> [What to work on]:
Nothing goes in the answer except the line that contains "Judecătorul Dredd (1995), filme" and the lines after it to the end of the material below, unchanged.

::::

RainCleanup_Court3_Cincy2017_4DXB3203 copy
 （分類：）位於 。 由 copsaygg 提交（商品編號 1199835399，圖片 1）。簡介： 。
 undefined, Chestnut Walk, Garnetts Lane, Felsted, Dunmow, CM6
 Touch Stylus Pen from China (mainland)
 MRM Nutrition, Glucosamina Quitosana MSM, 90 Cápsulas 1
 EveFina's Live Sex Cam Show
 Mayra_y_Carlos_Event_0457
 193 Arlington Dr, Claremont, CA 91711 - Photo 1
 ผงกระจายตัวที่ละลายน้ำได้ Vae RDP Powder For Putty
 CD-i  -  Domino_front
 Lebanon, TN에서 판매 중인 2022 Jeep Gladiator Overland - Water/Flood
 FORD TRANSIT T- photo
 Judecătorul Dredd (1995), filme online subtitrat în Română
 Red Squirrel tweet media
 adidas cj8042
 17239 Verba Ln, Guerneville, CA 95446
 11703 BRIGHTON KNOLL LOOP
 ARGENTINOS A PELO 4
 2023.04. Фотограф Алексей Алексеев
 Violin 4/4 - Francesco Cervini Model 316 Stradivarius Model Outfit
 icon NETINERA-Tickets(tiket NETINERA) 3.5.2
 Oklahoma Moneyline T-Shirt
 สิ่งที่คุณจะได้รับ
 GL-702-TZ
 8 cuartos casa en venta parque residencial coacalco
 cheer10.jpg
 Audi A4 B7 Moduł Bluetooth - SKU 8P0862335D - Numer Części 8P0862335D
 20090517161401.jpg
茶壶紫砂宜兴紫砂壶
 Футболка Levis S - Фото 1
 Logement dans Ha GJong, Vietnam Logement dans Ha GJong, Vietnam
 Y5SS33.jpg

::::

> [Task solution]:
 Judecătorul Dredd (1995), filme online subtitrat în Română
 Red Squirrel tweet media
 adidas cj8042
 17239 Verba Ln, Guerneville, CA 95446
 11703 BRIGHTON KNOLL LOOP
 ARGENTINOS A PELO 4
 2023.04. Фотограф Алексей Алексеев
 Violin 4/4 - Francesco Cervini Model 316 Stradivarius Model Outfit
 icon NETINERA-Tickets(tiket NETINERA) 3.5.2
 Oklahoma Moneyline T-Shirt
 สิ่งที่คุณจะได้รับ
 GL-702-TZ
 8 cuartos casa en venta parque residencial coacalco
 cheer10.jpg
 Audi A4 B7 Moduł Bluetooth - SKU 8P0862335D - Numer Części 8P0862335D
 20090517161401.jpg
茶壶紫砂宜兴紫砂壶
 Футболка Levis S - Фото 1
 Logement dans Ha GJong, Vietnam Logement dans Ha GJong, Vietnam
 Y5SS33.jpg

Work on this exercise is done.